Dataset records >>
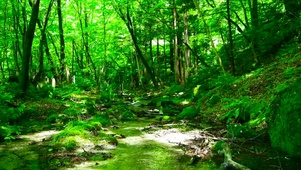 夏日护眼绿树林小溪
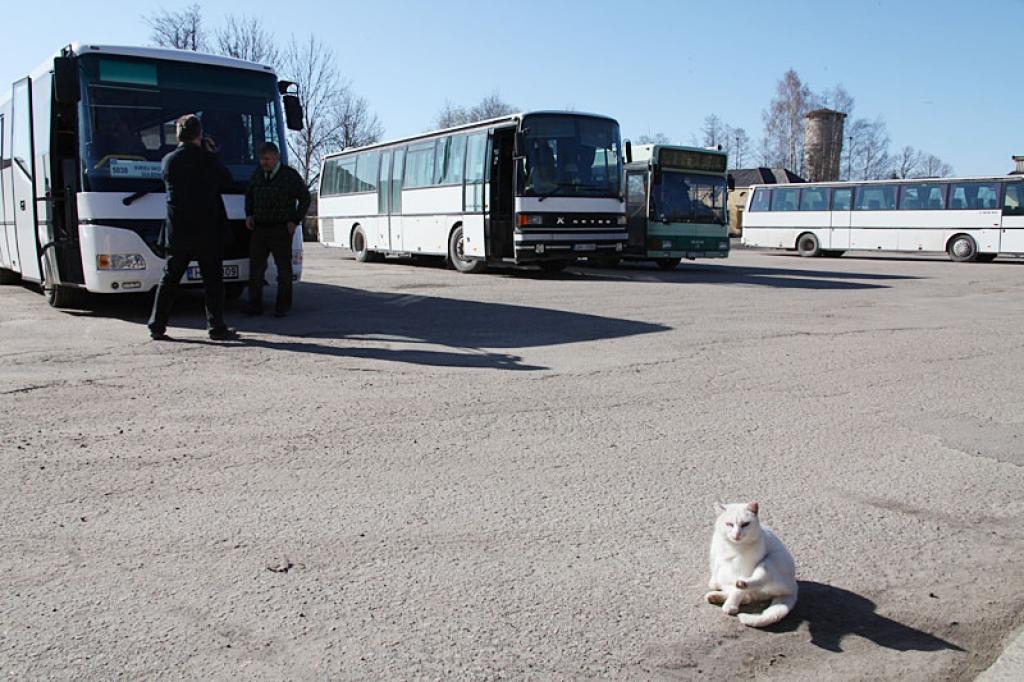 Autors: Gatis Bogdanovs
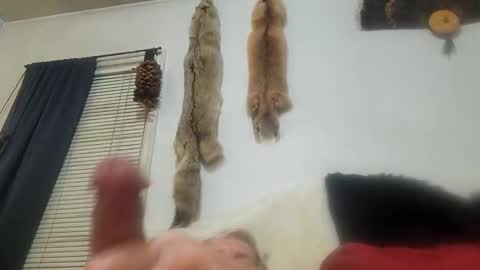 Snapshot of mjohnmor2 chatting on 3, 3, 2025 cum show j online show from 3, 3, 2025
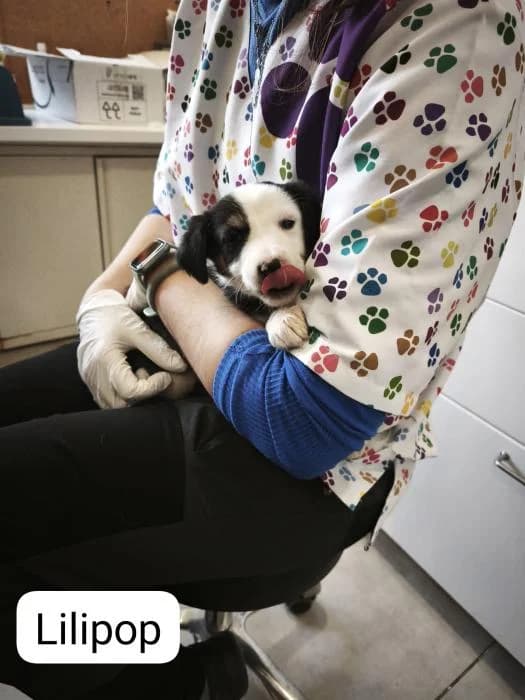 Lilipop, female puppy Mixed Breed for adoption at Rivanimal (Rivas-Vaciamadrid), Rivas-Vaciamadrid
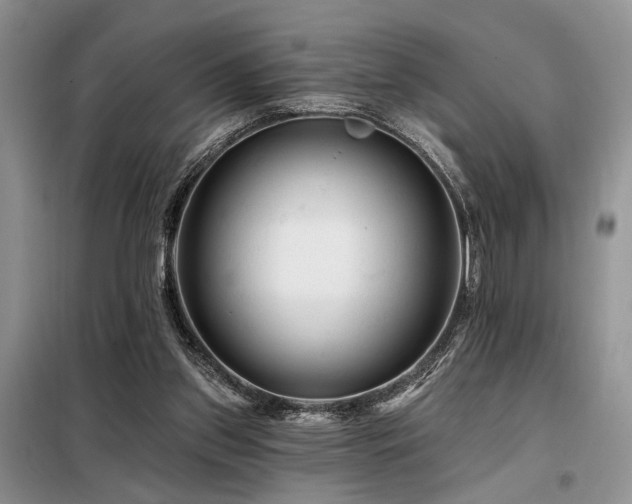 X0000098130157200804171531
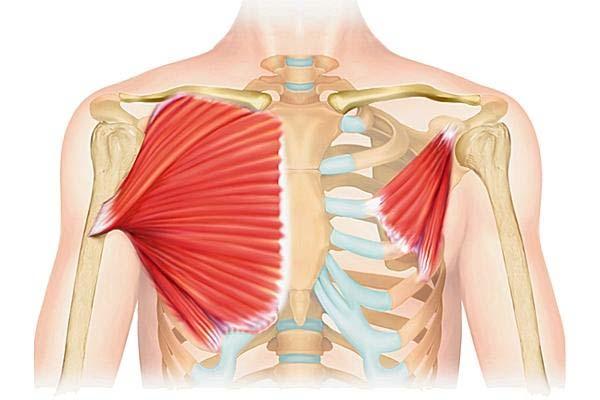 Scapular Slide Test Causes of Anterior Shoulder Pain Long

EXERCISE GOAL >> Copy out each line of the data exactly as it reads; skip the pictures.

OUTPUT OF THE TASK >>
 夏日护眼绿树林小溪
 Autors: Gatis Bogdanovs
 Snapshot of mjohnmor2 chatting on 3, 3, 2025 cum show j online show from 3, 3, 2025
 Lilipop, female puppy Mixed Breed for adoption at Rivanimal (Rivas-Vaciamadrid), Rivas-Vaciamadrid
 X0000098130157200804171531
 Scapular Slide Test Causes of Anterior Shoulder Pain Long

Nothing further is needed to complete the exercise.